Eastern hellbender voted Pennsylvania’s official amphibian

In this June 18, 2014, photo, Rod Williams, a Purdue University associate professor of herpetology, holds a hellbender that he and a team of students collected in southern Indiana's Blue River near Corydon, Ind., during a survey of populations of the rare amphibian. Hellbenders, an aquatic animal that's North America's largest salamander, are endangered in Indiana and four other states and face habitat loss and other pressures in the 11 other mostly Eastern states where they live in swift-flowing, rocky rivers and streams. (Rick Callahan/AP Photo)

In this June 18, 2014, photo, Rod Williams, a Purdue University associate professor of herpetology, holds a hellbender that he and a team of students collected in southern Indiana's Blue River near Corydon, Ind., during a survey of populations of the rare amphibian. Hellbenders, an aquatic animal that's North America's largest salamander, are endangered in Indiana and four other states and face habitat loss and other pressures in the 11 other mostly Eastern states where they live in swift-flowing, rocky rivers and streams. (Rick Callahan/AP Photo)

Pennsylvania is getting an official amphibian, a nocturnal, unsightly salamander that’s sometimes known as a snot otter, lasagna lizard or mud devil.

The House voted 191-6 Tuesday to grant the honor to the Eastern hellbender, which can grow to be more than 2 feet (a half meter) long and is battling declining numbers across much of its range in the United States.

The path to legislative recognition was not smooth, as the Eastern hellbender faced a stiff challenge from another amphibian called Wehrle’s salamander.

Rep. Garth Everett, R-Lycoming, who helped shepherd the bill through the House, said hellbenders had been on the decline.
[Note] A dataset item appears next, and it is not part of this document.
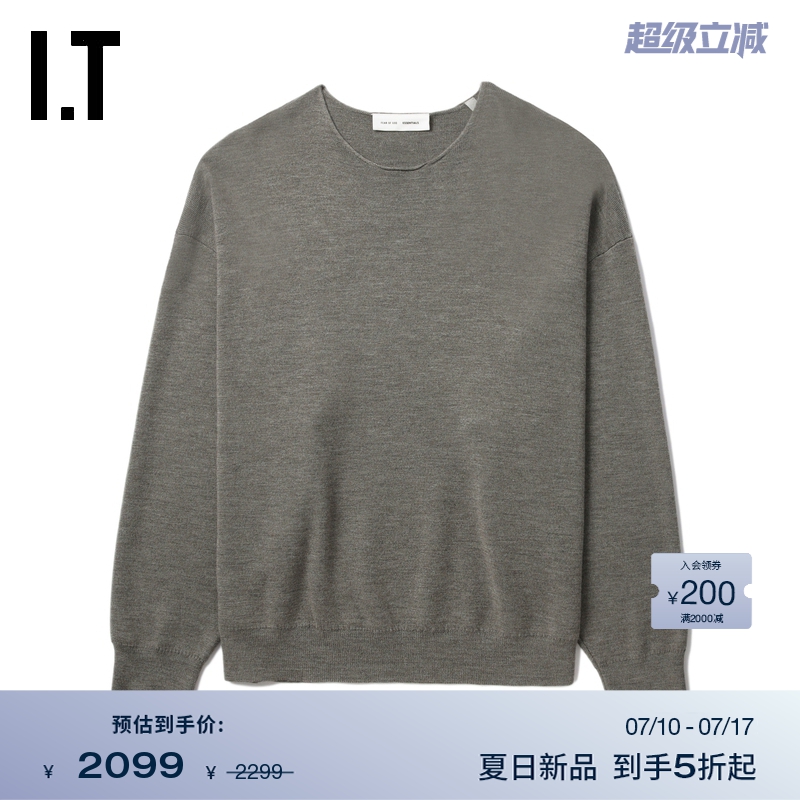 ITESSENTIALS圆领长袖上衣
“Not many people have actually seen hellbenders,” Everett said after the vote. “They live only in very clean streams, and they live under rocks.”
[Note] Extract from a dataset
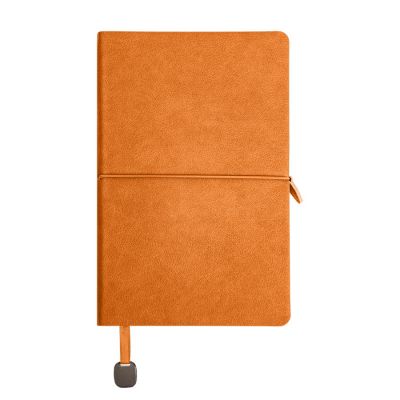Ежедневник недатированный Fusion, А5, оранжевый, кремовый блок в линейку-1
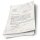 Briefpapier MARMOR NATUR - DIN A4 Format 50 Blatt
They are the largest North American amphibian, according to the Center for Biological Diversity, and their jarring appearance has inspired a colorful set of nicknames that also include devil dog, ground puppy and Allegheny alligator.

Members of the Chesapeake Bay Foundation’s student leadership council began the campaign to designate it as the state’s official amphibian, and their efforts were aided by Lycoming College’s Clean Water Institute.
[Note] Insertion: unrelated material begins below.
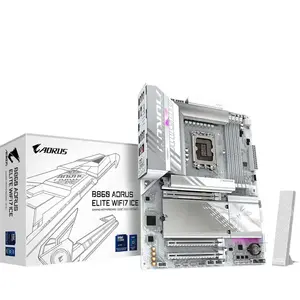 Comparateur de prix : Gigabyte B860 A ELITE WF7 ICE - B860/LGA1851/DDR5/ATX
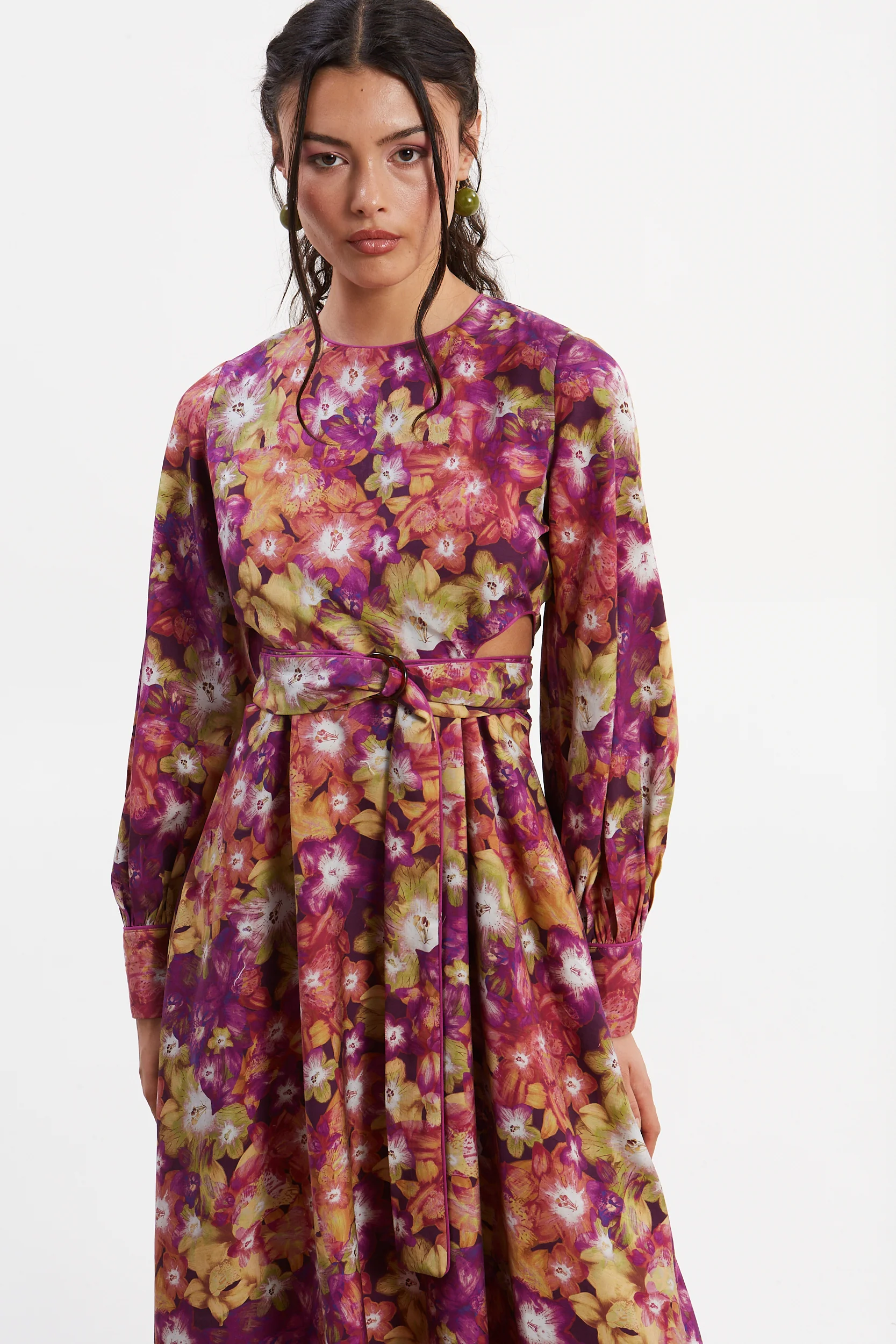 Jade tencel cut out dress - Image 6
The Chesapeake Bay Foundation said hellbenders were plentiful in Pennsylvania as recently as 1990. Their numbers have since been decimated in Eastern states by pollution and sedimentation, researchers say.

Their range generally covers the Appalachian Mountains, from southern New York to northern Georgia.

Among the factors researchers also worry about are disease and warming water temperatures caused by climate change.

Hellbenders do not have federally protected status, and while some states give them protected status, Pennsylvania does not.

Wehrle’s salamander, which is common, is named after the late naturalist R.W. Wehrle, of Indiana, Pennsylvania.